The Notorious Auteur Issue of 1962-1963

Circles and Squares: In the interim, Pauline Kael published a blistering attack in Film Quarterly called “Circles and Squares: Joys and Sarris.” Many of her attacks hit home, and they certainly exposed Sarris’s weaknesses as a film theoretician. I had met Pauline Kael and liked her work, but as a young man I was a budding auteurist.

Now, half a century and thousands of films later, I still see myself as having been influenced by the Cahiers crowd and Sarris, but I think there is a lot more to film than an a priori theory imposed from above. On the plus side, the auteurists opened me to the incredible riches of the American film—but I started liking films by such card-carrying non-auteurs as Felix Feist, Edward L. Cahn, Robert Florey, and Charles Vidor.

I give the credit to the auteur theory for introducing me to the idea that American films can also be great. I started my love of film by watching such foreign productions as Carl Dreyer’s Day of Wrath (1948) and Wojciech Has’s The Saragossa Manuscript (1962); but by the late 1960s I was beginning to give Hollywood its due and loosened up considerably.

Creeping Marienbadism

Famous Shot from Last Year at Marienbad (1961)

I met Pauline Kael during my last year at Dartmouth. At the time, I was Assistant Director of the Dartmouth Film Society and involved in meeting and greeting visiting film dignitaries. We had dinner across the river in Norwich, Vermont, followed by an interesting conversation.

Pauline had just published her first book, entitled I Lost It at the Movies (1965), which I read and loved.

Although she went on to be film reviewer for the New Yorker between 1968 and 1991, Pauline had a strong streak of the old fashioned, with a strong preference for straight narrative and a disdain for art house films and Hollywood blockbusters. (She called The Sound of Music with the moniker The Sound of Money, which made her no new friends in Hollywood)

Film Critic Pauline Kael (1919-2001)

I am slowly re-reading I Lost It at the Movies, where I found some interesting ideas. She hated the Alain Resnais film Last Year at Marienbad and complained that “we can’t even leave Marienbad behind because, although it memorable (it isn’t even particularly offensive), a kind of creeping Marienbadism is is the new aesthetics of ‘poetic cinema.’”

She recalls:

In Los Angeles, among the independent filmmakers at their midnight screenings I was told that I belonged to the older generation, that Agee-alcohol generation they called it, who could not respond to the new films because I didn’t take pot or LSD and so couldn’t learn to accept everything. This narcotic approach of torpid acceptance, which is much like the lethargy of the undead in those failure-of-communication movies, may explain why these films have seemed so “true” to some people….

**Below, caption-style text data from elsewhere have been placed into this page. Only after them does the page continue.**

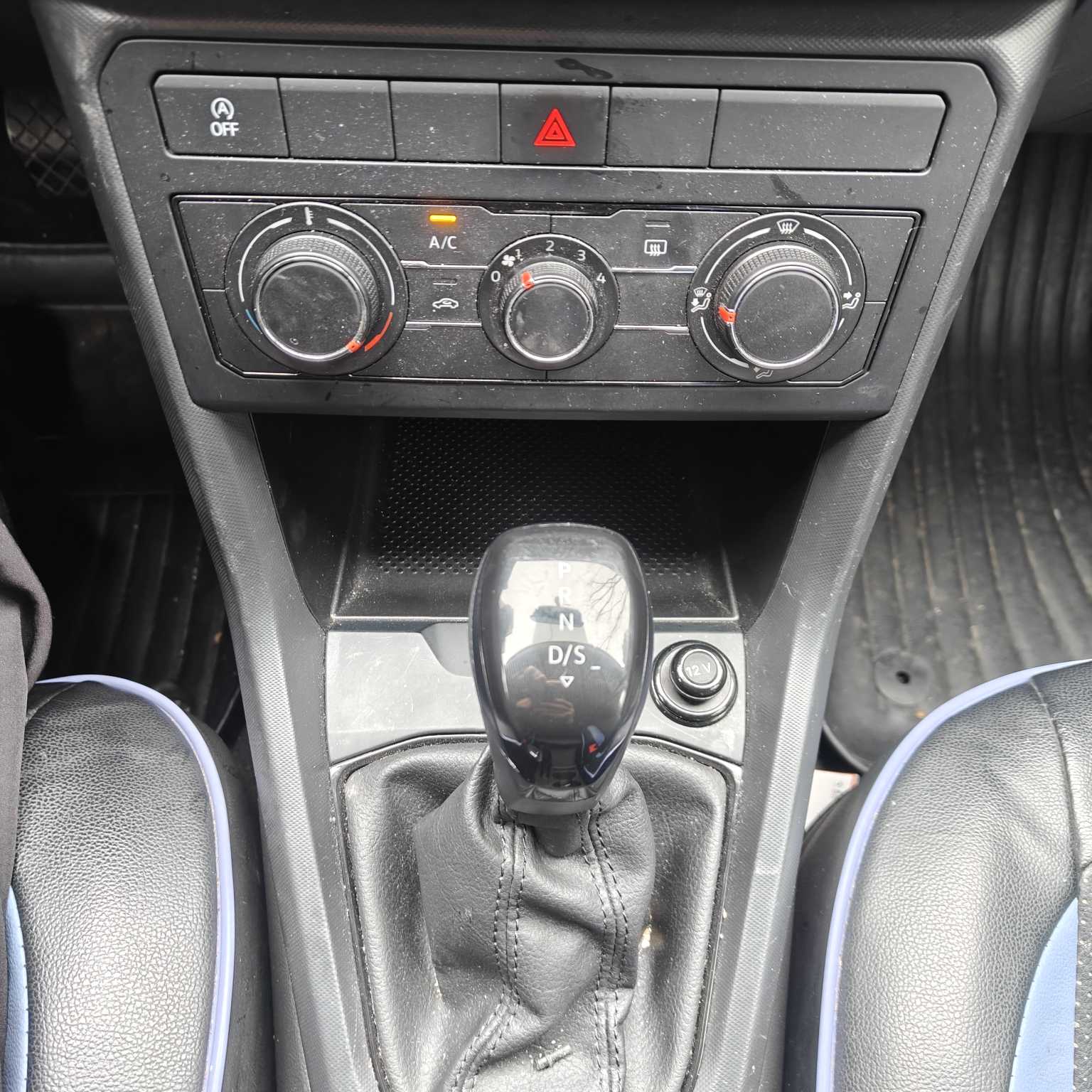 Volkswagen T-Cross 2020 car image #14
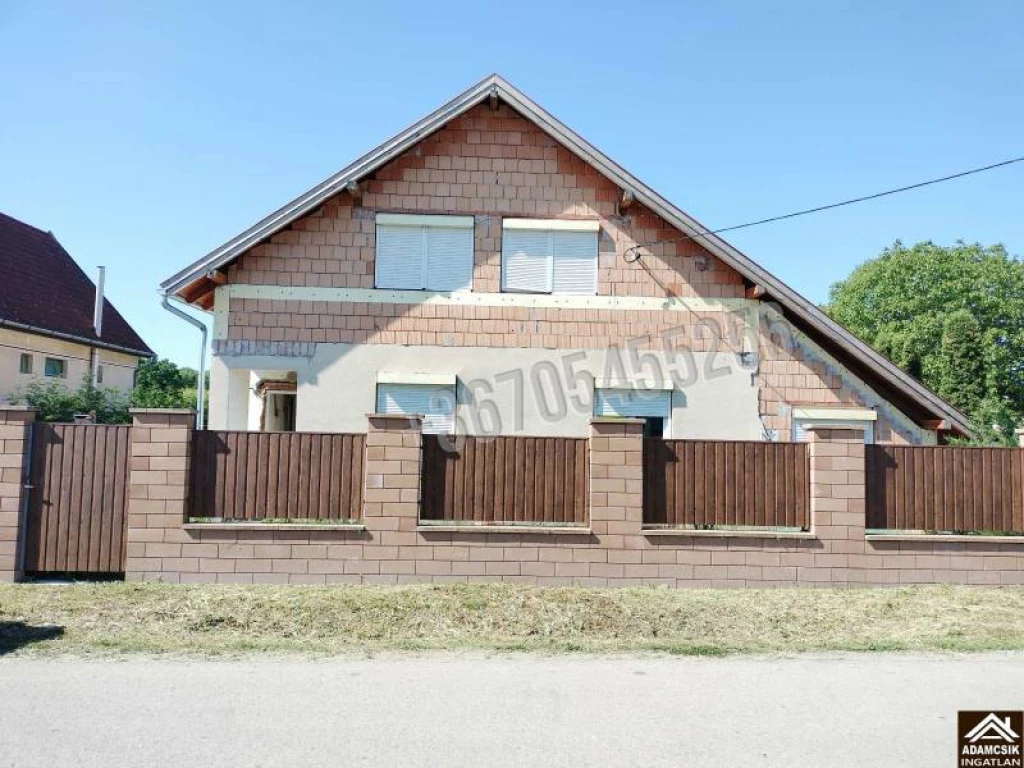 For sale house, Pusztavacs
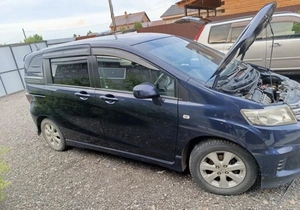 Минивэн Honda Freed 2010 года, 900000 рублей, Емельяновский район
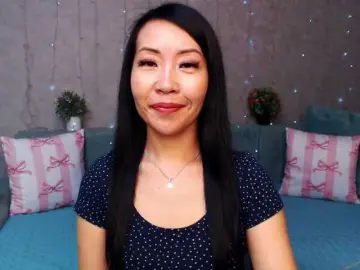 Bongacams Sex Cam of Sarahsexygirl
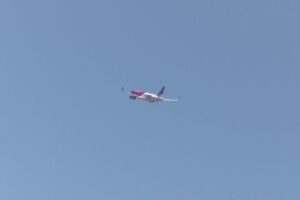 Aprile mese di scioperi: si inizia venerdì con il comparto aereo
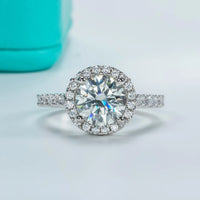 Moissanite  Engagement Ring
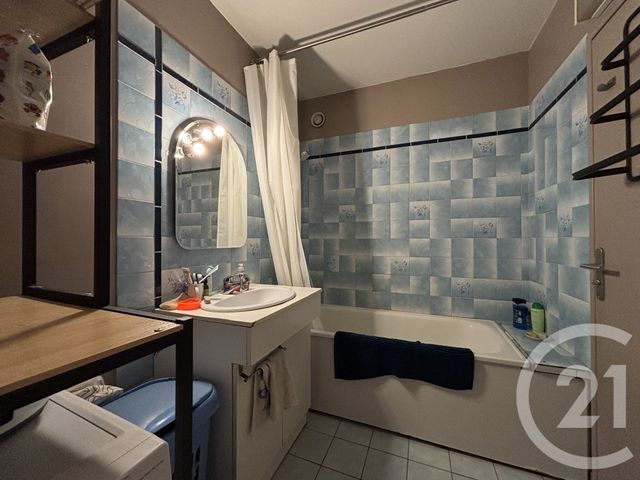 Appartement F3 à vendre - 3 pièces - 62.0 m2 - CHELLES - 77 - ILE-DE-FRANCE - Century 21 Agence H.L.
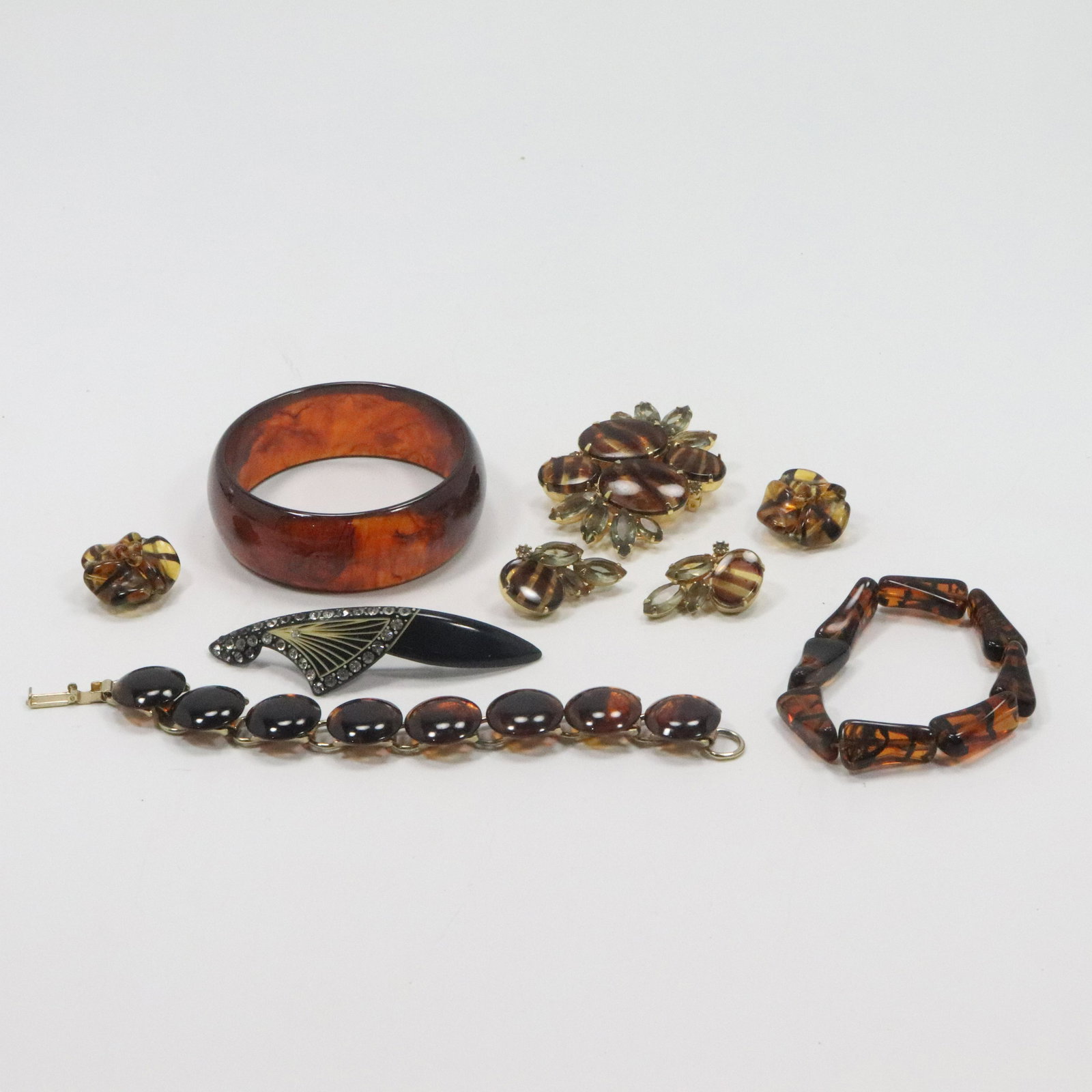 9 Pc Assorted Estate Grouping Vintage Celluloid Jewelry (1 of 10)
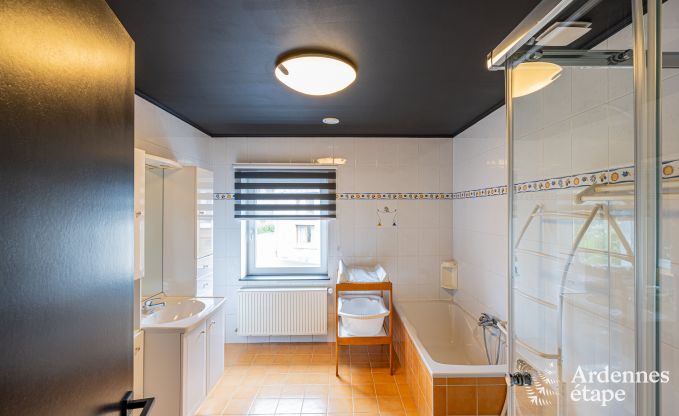 Grande villa de vacances  Daverdisse pour 14 personnes avec 5 chambres et salles de bains, installations de bien-tre et jardin priv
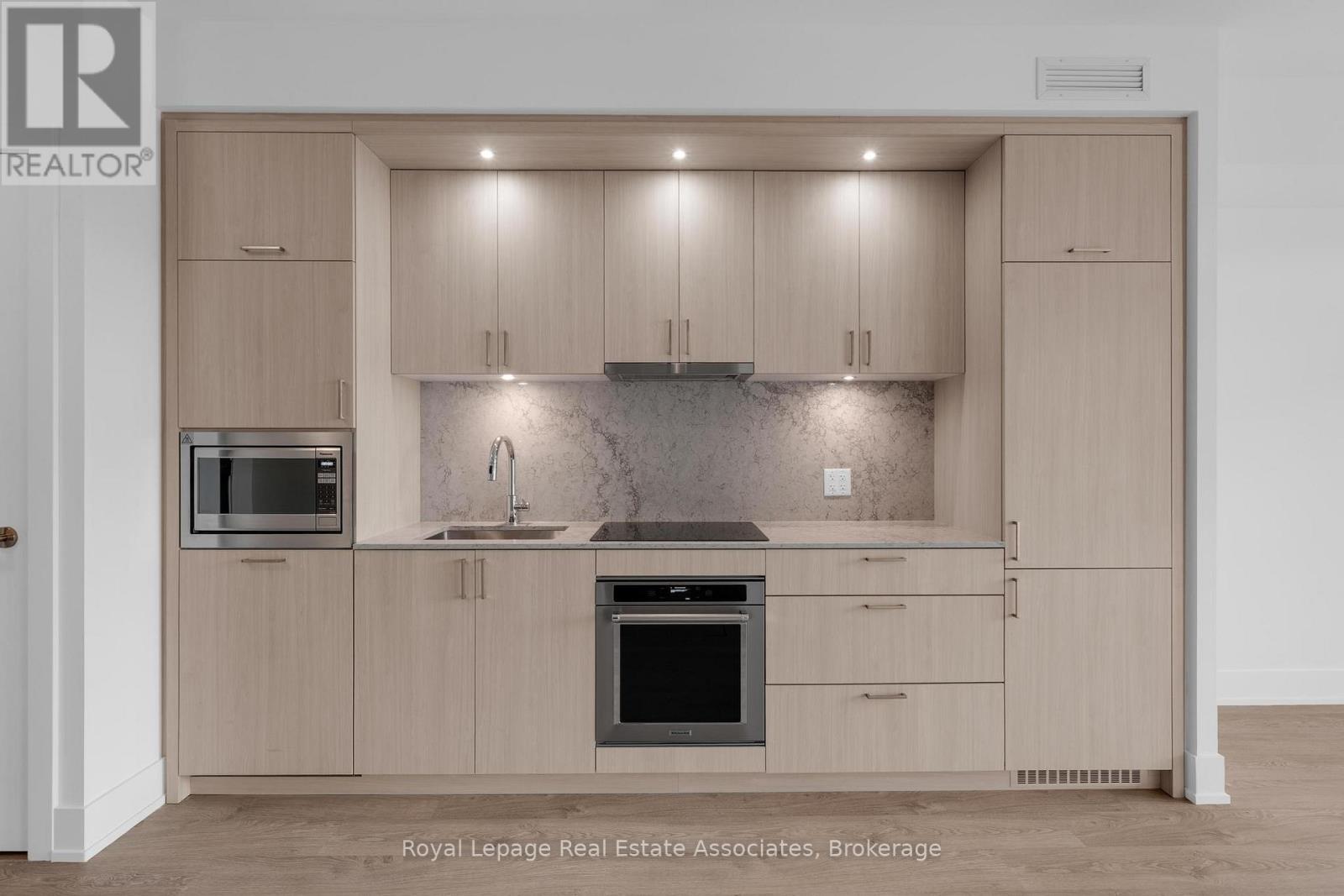 415 - 259 The Kingsway, Toronto, Ontario  M9A 0G2 - Photo 5 - W12477195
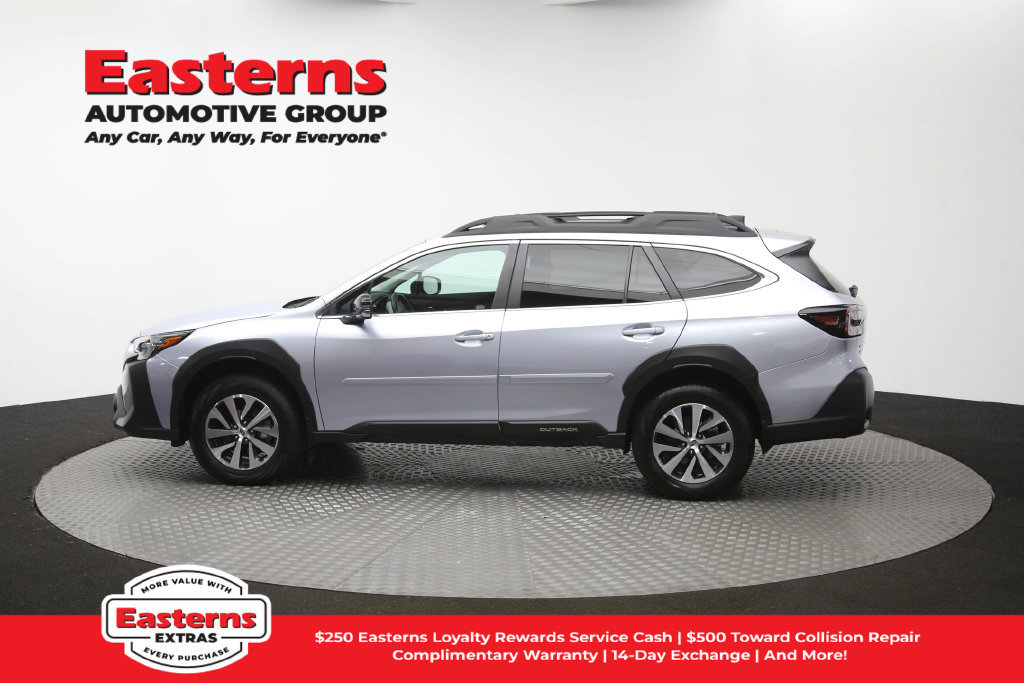 Used 2025 Subaru Outback Limited AWD/4WD image 55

At the time, I was at the cusp of the whole postmodern movement myself. I remember being agonized by Ingmar Bergman’s Persona (1966) because it so challenged my own way of thinking … at the time. (No longer: I now love the film.)

Liv Ullmanm and Bibi Andersson in Persona

I guess I have become thoroughly postmodern. A strong narrative line is no longer necessary for me to enjoy a film. I could just be drawn by a series of beautiful images, startling epiphanies, powerful acting, or something as wonky as my love of Geena Davis in Earth Girls Are Easy (1988).